Taking into account the latest results, the consensus forecast from Telekom Malaysia Berhad's 20 analysts is for revenues of RM12.4b in 2025. This reflects a modest 6.2% improvement in revenue compared to the last 12 months. Statutory earnings per share are expected to drop 13% to RM0.46 in the same period. In the lead-up to this report, the analysts had been modelling revenues of RM12.6b and earnings per share (EPS) of RM0.44 in 2025. The analysts seems to have become more bullish on the business, judging by their new earnings per share estimates.

The consensus price target was unchanged at RM7.59, implying that the improved earnings outlook is not expected to have a long term impact on value creation for shareholders. There's another way to think about price targets though, and that's to look at the range of price targets put forward by analysts, because a wide range of estimates could suggest a diverse view on possible outcomes for the business. The most optimistic Telekom Malaysia Berhad analyst has a price target of RM8.80 per share, while the most pessimistic values it at RM4.20. Note the wide gap in analyst price targets? This implies to us that there is a fairly broad range of possible scenarios for the underlying business.

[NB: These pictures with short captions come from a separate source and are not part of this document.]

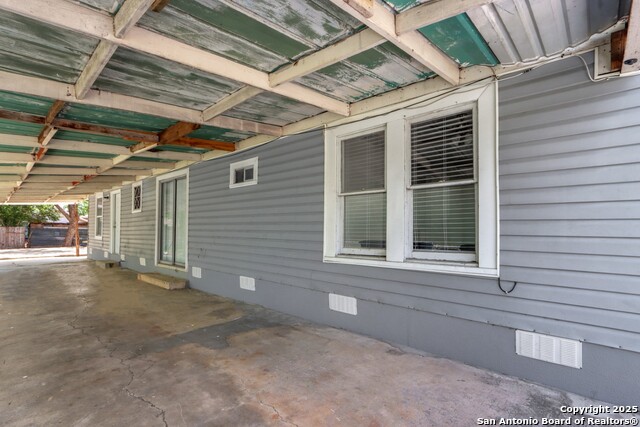 Image 6 of 32 For 422 Buckingham Avenue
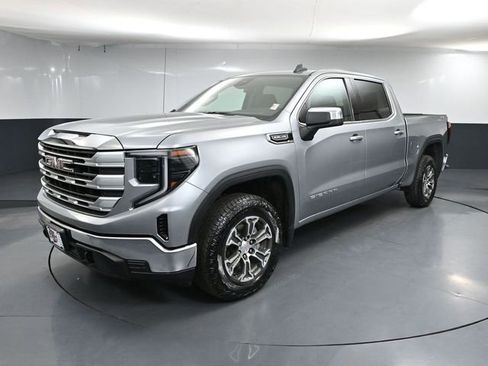 Used 2024 GMC Sierra 1500 SLE image 12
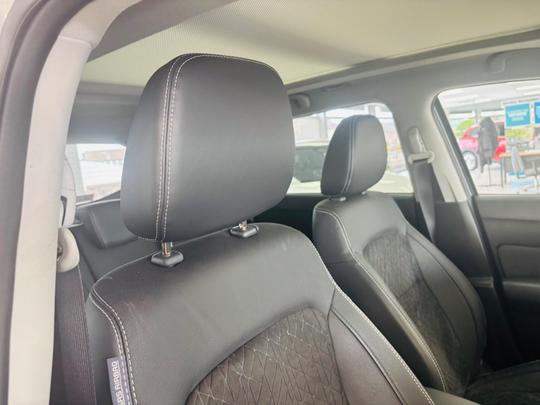Suzuki Vitara Photo at-aaf30880e8814137b81bdf186f32e4ab.jpg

One way to get more context on these forecasts is to look at how they compare to both past performance, and how other companies in the same industry are performing. The analysts are definitely expecting Telekom Malaysia Berhad's growth to accelerate, with the forecast 6.2% annualised growth to the end of 2025 ranking favourably alongside historical growth of 2.2% per annum over the past five years. By contrast, our data suggests that other companies (with analyst coverage) in a similar industry are forecast to grow their revenue at 4.0% per year. Factoring in the forecast acceleration in revenue, it's pretty clear that Telekom Malaysia Berhad is expected to grow much faster than its industry.